This would mean that repaying the loan cost around £1.4 million. Therefore, after the original loan, remaining interest payments and the 2012/13 overspend were accounted for, there would not have been much League Cup money left over going into 2013/14. Perhaps £300k-£500k.
This is not an attempt to criticise Lawn for this loan. He took a huge risk in the first place by providing it, particularly when you consider the financial difficulties of 2010/11, where City were attempting to negotiate with Gordon Gibb over Valley Parade rental payments. If City had gone into administration at any point, Lawn would have been forced to the back of the queue of creditors. And this, after all, was his children’s inheritance.
It was also beneficial for City to no longer have this loan to worry about; so you can see why it was repaid when the club was in a position of strength.
The remainder of the League Cup windfall was used in 2013/14, including funding an increase in the playing budget (a £600k deficit gap was agreed again) and paying Falkirk for Mark Stewart (the long-running court battle began during 2012/13, meaning the Board had to make preparations). It is also rumoured that Guiseley’s sell-on clause for James Hanson was bought out by the club.
A large part of the money raised from the sale of Nahki Wells in January 2014 was used to cover the club’s 2013/14 overspend, and it’s likely that much of the remaining Wells money was used to sign Aaron Mclean. He may have been a free transfer, but was still contracted by Hull City, and so there would have been some additional financial cost compared to signing a free agent.
It is well documented that Mclean’s wages are considerable (indeed, there are whispers that Hull were still contributing to his salary up until May), and in relative terms he was a huge outlay for the Bantams.
The scars of the past
There is evidently a big difference between the Bantams’ League Cup windfall and that which Exeter City picked up nearly a decade earlier – the starting positions of both clubs.
For Bradford City, the 12 years of struggle and two spells of administration still carried a burden, and the windfall was an opportunity to address this once and for all. Over half of the money earned from toppling Arsenal and co. was needed to repay the debt to Lawn (or in other words, to repay the bill from four seasons earlier), and to cover the more recent 2012/13 budget overspend.
Exeter were able to grow as a club after their pay day, Bradford City were able to wipe out their debts and find stability. Not quite the legacy we envisaged as we danced around Villa Park in celebration of reaching the League Cup Final, back in January 2013, but an important progression nonetheless.

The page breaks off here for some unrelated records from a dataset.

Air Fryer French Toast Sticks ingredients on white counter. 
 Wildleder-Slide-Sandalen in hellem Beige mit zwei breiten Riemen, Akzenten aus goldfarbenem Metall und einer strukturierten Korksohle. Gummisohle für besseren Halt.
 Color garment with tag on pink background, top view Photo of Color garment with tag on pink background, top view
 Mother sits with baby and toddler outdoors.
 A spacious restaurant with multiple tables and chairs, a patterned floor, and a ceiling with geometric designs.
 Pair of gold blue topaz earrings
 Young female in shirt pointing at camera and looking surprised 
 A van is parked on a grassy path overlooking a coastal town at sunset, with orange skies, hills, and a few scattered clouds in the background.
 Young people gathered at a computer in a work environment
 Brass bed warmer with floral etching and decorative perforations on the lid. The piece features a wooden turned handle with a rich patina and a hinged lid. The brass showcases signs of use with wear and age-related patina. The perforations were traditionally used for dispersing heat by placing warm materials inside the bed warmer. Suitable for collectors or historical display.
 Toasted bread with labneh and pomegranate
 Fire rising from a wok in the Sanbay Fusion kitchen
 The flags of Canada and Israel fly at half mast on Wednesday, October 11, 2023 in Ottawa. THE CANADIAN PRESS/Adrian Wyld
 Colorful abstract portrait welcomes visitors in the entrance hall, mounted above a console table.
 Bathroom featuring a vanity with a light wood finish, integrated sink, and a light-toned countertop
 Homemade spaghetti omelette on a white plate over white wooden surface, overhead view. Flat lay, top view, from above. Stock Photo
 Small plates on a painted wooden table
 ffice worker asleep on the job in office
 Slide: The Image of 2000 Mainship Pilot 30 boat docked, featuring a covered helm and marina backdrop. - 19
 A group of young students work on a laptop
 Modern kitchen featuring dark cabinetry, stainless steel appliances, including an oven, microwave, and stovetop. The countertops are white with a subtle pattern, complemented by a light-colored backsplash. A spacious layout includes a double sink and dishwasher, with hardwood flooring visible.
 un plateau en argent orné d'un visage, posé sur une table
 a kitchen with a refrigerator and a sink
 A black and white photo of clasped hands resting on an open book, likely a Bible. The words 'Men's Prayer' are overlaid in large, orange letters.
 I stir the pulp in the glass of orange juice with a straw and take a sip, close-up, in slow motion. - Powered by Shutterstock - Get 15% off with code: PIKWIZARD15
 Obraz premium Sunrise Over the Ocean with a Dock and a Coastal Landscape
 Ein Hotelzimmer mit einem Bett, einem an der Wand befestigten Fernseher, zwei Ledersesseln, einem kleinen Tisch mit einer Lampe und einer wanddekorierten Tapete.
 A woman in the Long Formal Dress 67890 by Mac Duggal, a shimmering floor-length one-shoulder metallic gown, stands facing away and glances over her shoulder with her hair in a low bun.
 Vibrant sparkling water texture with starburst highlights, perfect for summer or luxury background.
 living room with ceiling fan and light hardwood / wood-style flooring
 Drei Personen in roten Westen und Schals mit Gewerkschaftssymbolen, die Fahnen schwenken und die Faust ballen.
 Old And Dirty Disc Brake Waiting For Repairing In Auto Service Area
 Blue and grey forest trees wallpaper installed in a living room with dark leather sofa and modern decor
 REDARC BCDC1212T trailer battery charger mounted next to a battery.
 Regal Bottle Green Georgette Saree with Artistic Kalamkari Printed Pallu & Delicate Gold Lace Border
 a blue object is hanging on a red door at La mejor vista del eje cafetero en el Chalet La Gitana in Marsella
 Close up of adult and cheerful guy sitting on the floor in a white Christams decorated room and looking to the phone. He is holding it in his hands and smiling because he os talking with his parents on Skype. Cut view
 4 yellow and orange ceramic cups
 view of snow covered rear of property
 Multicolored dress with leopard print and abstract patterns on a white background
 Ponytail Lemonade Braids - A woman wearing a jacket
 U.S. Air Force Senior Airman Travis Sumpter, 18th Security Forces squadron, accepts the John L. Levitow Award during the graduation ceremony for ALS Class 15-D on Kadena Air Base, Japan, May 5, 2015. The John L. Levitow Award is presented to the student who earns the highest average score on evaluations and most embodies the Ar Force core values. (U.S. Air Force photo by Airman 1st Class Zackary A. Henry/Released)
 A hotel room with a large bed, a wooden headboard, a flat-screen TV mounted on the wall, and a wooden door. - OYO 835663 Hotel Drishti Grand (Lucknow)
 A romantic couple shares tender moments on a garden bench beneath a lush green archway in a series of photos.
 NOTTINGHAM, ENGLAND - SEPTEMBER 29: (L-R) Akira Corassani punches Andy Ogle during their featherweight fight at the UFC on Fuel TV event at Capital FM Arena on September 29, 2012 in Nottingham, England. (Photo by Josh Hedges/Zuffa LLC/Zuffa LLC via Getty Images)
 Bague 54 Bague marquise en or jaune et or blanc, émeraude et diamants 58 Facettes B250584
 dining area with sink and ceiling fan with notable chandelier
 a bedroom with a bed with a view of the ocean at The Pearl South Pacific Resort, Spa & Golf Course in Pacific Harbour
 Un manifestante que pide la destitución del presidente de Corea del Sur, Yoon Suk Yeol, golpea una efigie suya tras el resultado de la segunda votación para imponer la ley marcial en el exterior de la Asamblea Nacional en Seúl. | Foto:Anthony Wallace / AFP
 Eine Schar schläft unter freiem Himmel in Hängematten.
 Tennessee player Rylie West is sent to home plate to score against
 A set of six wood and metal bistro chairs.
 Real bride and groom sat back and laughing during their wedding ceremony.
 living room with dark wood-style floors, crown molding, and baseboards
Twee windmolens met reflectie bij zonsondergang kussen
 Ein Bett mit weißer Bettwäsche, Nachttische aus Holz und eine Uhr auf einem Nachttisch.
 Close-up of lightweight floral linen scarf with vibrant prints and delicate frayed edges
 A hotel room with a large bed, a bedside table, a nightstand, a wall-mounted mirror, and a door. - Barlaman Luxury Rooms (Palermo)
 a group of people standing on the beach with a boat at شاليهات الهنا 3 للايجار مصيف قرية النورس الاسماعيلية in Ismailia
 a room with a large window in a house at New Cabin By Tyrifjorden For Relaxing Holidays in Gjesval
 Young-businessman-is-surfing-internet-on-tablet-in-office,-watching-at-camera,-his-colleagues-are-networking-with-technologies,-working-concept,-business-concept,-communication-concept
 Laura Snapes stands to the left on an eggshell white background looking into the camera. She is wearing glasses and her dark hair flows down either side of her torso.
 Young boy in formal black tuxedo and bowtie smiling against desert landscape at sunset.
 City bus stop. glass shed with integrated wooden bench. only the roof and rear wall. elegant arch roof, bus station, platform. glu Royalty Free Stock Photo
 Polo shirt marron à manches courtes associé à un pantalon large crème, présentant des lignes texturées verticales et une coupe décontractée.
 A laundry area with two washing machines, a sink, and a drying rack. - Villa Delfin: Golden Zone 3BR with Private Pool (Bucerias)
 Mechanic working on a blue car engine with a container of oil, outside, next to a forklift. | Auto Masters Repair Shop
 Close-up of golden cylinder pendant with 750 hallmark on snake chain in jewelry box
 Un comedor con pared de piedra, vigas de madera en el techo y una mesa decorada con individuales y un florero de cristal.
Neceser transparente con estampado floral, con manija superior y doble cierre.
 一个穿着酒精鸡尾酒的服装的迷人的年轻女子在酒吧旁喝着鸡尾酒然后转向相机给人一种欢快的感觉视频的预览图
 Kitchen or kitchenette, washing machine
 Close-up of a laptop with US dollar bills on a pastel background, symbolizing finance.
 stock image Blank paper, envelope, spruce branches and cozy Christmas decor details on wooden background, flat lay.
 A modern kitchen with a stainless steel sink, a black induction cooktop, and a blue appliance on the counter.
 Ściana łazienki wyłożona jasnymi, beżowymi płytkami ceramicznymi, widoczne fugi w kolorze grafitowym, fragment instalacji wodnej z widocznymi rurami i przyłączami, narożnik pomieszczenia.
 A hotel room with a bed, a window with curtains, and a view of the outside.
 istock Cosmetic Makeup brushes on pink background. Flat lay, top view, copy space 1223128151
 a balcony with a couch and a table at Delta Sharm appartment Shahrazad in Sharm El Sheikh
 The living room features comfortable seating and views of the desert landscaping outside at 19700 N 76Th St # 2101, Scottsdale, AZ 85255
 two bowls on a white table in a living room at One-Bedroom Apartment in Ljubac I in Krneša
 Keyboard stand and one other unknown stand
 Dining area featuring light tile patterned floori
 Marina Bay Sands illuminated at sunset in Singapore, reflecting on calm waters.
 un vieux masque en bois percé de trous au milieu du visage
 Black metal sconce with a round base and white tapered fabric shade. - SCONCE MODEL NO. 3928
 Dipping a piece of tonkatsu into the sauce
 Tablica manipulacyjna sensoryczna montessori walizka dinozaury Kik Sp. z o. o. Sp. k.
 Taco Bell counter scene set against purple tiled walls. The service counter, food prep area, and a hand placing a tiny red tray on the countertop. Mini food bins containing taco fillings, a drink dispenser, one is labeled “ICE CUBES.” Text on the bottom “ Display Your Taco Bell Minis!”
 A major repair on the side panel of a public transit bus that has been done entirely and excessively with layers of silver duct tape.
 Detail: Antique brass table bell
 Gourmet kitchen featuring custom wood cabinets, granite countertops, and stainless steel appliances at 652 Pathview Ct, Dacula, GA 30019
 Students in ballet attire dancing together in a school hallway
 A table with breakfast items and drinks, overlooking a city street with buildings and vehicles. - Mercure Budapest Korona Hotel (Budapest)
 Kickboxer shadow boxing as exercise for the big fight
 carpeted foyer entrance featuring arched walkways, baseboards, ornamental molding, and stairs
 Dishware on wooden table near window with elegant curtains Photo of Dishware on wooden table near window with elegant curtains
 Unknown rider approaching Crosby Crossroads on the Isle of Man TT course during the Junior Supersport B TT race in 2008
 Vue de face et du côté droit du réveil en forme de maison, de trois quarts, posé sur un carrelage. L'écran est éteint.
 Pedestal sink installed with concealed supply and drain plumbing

The result is that City have climbed up a division and are a more financially stable business. The Wells transfer owed more to the realities of life as a lower league club – you have to sell your best players from time-to-time. The fear is that the latest budget deficit could mean history is repeated this January and the club cashes in on James Hanson. Before he left the club to take up a post at Burnley, David Baldwin outlined other potential variants that can be explored first – and that the sale of a first team player is a last resort.
The way forwards
Nevertheless, it is unclear how the club’s upwards momentum can be maintained. There is no indication of further investment from Rhodes and Lawn – who have both contributed a lot of money in the past, and understandably are unwilling or unable to do so again – and even less sign of outsider involvement. In 2011 businessman Steve Parkin (not that one) expressed interest in buying the club, but nothing materialised (it is said he did not want to jointly own the club with Rhodes and Lawn). No one else has appeared on the horizon since, at least in public.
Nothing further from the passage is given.